During a taping of Michigan Public Television’s “Off the Record” today, Gene Clem — president of the Southwest Michigan Tea Party Patriots — said that the state’s Tea Party members “will look at ways to teach public school students the origins of the U.S. Constitution.” Clem noted that the Tea Party already holds sessions about the Constitution in public libraries and that the group has “plenty of retirees who could go in as Benjamin Franklin or whatever”:
“What we’re afraid of is individuals really don’t know where liberty, freedom and their rights come from, how the Constitution was written, the pain that went through in the summer of 1787 to write that and get it approved,” Clem said.

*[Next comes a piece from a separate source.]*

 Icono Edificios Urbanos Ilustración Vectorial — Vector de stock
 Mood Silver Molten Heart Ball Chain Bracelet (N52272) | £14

Tea Party volunteers are, of course, welcome to teach an accurate version of the Constitution to schoolchildren. Indeed, Michigan’s current social studies standards already require students to learn about the origins of the U.S. Constitution and “Core Democratic Values” — including liberty and patriotism — by third grade. Given the Tea Party’s close association with radical “tenther” views of the Constitution, however, it is unlikely that they wish to provide Michigan children with an accurate constitutional history. Similar attempts have already been made to inject right-wing ideology into public school curriculum. Earlier this year, the right-wing Texas State Board of Education successfully adopted new content for the state’s social studies curriculum, which included more conservatives, more Confederate glorification, and more distortion of progressive viewpoints.